Il est surprenant que les Pays-Bas soient confrontés à la menace de la surpopulation alors que sa croissance démographique naturelle est négative. Une croissance démographique négative signifie qu'il y a plus de décès par an que de naissances : au premier trimestre 2022, 43 100 personnes sont décédées, alors qu'il n'y a eu que 40 300 naissances. Cependant, l'afflux constant d'immigrants maintient la population à un niveau élevé. Poussée par l'immigration, la population nette du pays a augmenté d'un million de personnes au cours de la dernière décennie.

Cet afflux migratoire comprend les migrants économiques hautement qualifiés mentionnés précédemment, mais il comprend aussi de nombreux réfugiés.
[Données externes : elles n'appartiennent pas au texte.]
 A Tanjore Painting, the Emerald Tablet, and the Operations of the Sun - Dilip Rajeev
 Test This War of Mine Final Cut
En effet, il y a actuellement près de 80 000 réfugiés ukrainiens aux Pays-Bas, tous étant arrivés en 2022. Ils sont également nombreux à venir d'Afghanistan, surtout depuis que les talibans ont repris le contrôle du pays, et de Syrie. Les données d'Eurostat montrent qu'il y a un arriéré de 30 000 demandes d'asile dans les bureaux d'immigration néerlandais.

Les autorités néerlandaises ont ainsi du mal à fournir des logements adéquats à tous ces réfugiés. Le ministère de la Justice et de la Sécurité révèle que près de 60 000 réfugiés (provenant de différents pays) vivent toujours dans des abris ou des camps, même si beaucoup d'entre eux auraient déjà dû légalement bénéficier d'un logement correct. Certains bateaux de croisière, hôtels et églises ont même été transformés en abris. Qui plus est, des organisations de défense des droits de l'homme dénoncent le fait que de nombreux camps de réfugiés sont devenus surpeuplés et insalubres. De nombreux mineurs non accompagnés y sont restés bloqués et, en septembre, un bébé est décédé dans des circonstances troublantes au centre de réfugiés de Ter Apel.
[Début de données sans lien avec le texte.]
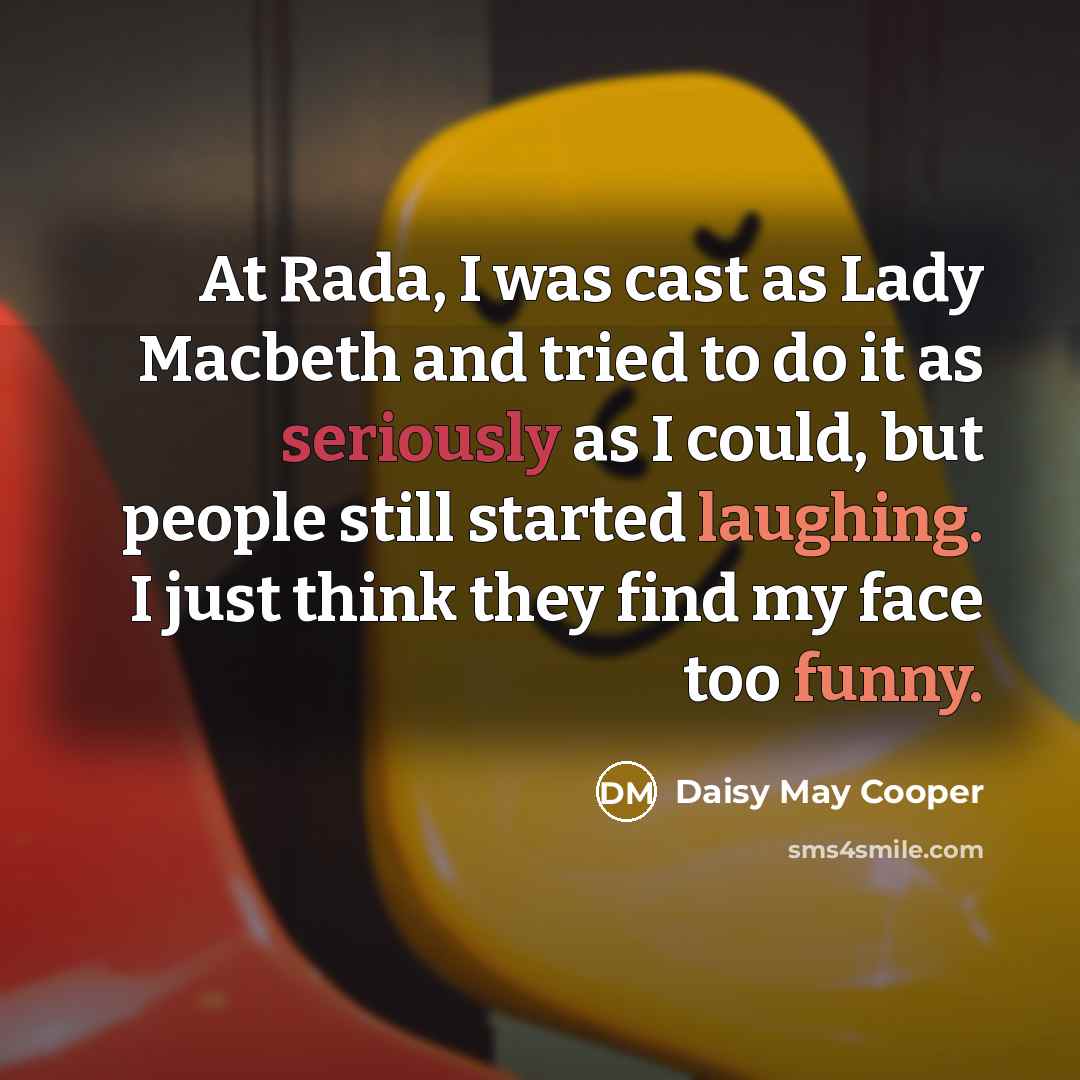“At Rada, I was cast as Lady Macbeth and tried to do it as seriously as I could, but people still started laughing. I just think they find my face too funny.” quote by Daisy May Cooper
Le gouvernement néerlandais soutient qu'il « s'efforce actuellement de trouver 20 000 places d'hébergement supplémentaires pour les demandeurs d'asile disposant d'un permis de séjour ». Mais en même temps, il tente de réduire le nombre d'arrivées de réfugiés dans le pays. En effet, les autorités néerlandaises ont annoncé que le regroupement familial serait suspendu pour les réfugiés disposant d'un permis de séjour jusqu'à ce qu'ils aient trouvé un logement approprié. Si au bout de 15 mois, ils n'ont toujours pas d'endroit où loger, leurs familles à l'étranger pourront alors se voir accorder un visa indépendamment du logement. Or, la suspension du regroupement familial risque d'enfreindre les règles de l'Union européenne en matière de droits de l'homme.

Le logement étudiant est également confronté à une pénurie. Le gouvernement a annoncé un plan d'action national pour le logement étudiant (National Student Housing Action Plan 2022-2030) visant à construire 60 000 logements abordables pour les étudiants d'ici la fin de la décennie. Ces logements seront construits en collaboration avec les universités, les associations de logement existantes et des investisseurs privés. Ce plan comprendra 37 500 logements flexibles - des maisons qui peuvent être personnalisées pour différentes fonctions - construits dans la première phase entre 2022 et 2024.

Même si le gouvernement néerlandais n'a pas encore tenté de limiter les inscriptions d'étudiants internationaux et les migrations fondées sur la connaissance et les compétences, il pourrait bientôt relever les critères d'admissibilité pour ces dernières. Le ministre du Logement et de l'Aménagement du territoire, Hugo de Jonge, a déclaré qu'il y a des risques qu'une forte immigration « perturbe la société ». Selon lui, il faudrait « examiner attentivement les secteurs dans lesquels le pays subit une pénurie de main-d'œuvre et ceux dans lesquels il faudra être plus sélectifs ».